Vitamin D Receptor Polymorphism and the Risk of Colorectal Adenomas: Evidence of Interaction with Dietary Vitamin D and Calcium¹

Vitamin D is a hormone that has essential roles in endocrine functions and in regulating cell replication. It is critical in maintaining calcium homeostasis as well as in bone metabolism (1). The active metabolite of vitamin D [1,25(OH)₂D₃] has also been shown to regulate cell proliferation and differentiation in human colon cancer cell lines (2, 3, 4, 5, 6, 7, 8). Furthermore, the application of vitamin D analogues has inhibited colonic tumor formation in vivo and reversed malignant colon cancer cells in vitro to a normal morphological phenotype (9, 10).

Two mechanisms may explain the actions of 1,25(OH)₂D₃ on colorectal cancer cells. The first involves direct nongenomic actions of 1,25(OH)₂D₃ on calcium homeostasis. The second involves the genomic actions of 1,25(OH)₂D₃, mediated through the intracellular VDR.³ Laboratory studies have shown that 1,25(OH)₂D₃ has antiproliferative actions on colorectal cancer cell growth and differentiation and that these actions only occur in those cell lines that express VDR (3, 7).
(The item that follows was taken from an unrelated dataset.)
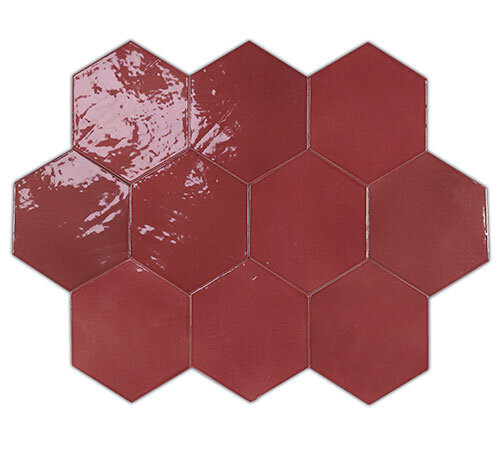 Керамическая плитка 122084 Плитка ZELLIGE HEXA WINE 10,8x12,4 см / коллекция ZELLIGE HEXA WOW / производитель WOW / страна Испания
However, a common polymorphism in the VDR gene may alter this relationship. Polymorphisms in the 3′-UTR region of the VDR gene alter transcriptional activity and mRNA stability in minigene reporter constructs (11). One of these polymorphisms, BsmI, is located in intron 8 of the VDR gene (11). It is thought that the 3′-UTR region of the VDR gene is involved in the regulation of mRNA stability, and, therefore, polymorphisms in this region are involved in the degradation of the VDR mRNA and consequently reduce receptor density (12). There is also some speculation that these polymorphisms are in disequilibrium with other mutations that alter VDR function (13). In addition, the VDR also regulates vitamin D and calcium metabolism through a complex series of pathways and feedback loops. Bone mineral studies (11, 14) as well as studies on the association between prostate cancer risk and serum vitamin D levels (15) have demonstrated that BsmI genotypes have distinct phenotypic characteristics in relation to calcium and vitamin D metabolism. This suggests a role for dietary calcium and vitamin D as effect modifiers of the association between VDR polymorphisms and colorectal neoplasia.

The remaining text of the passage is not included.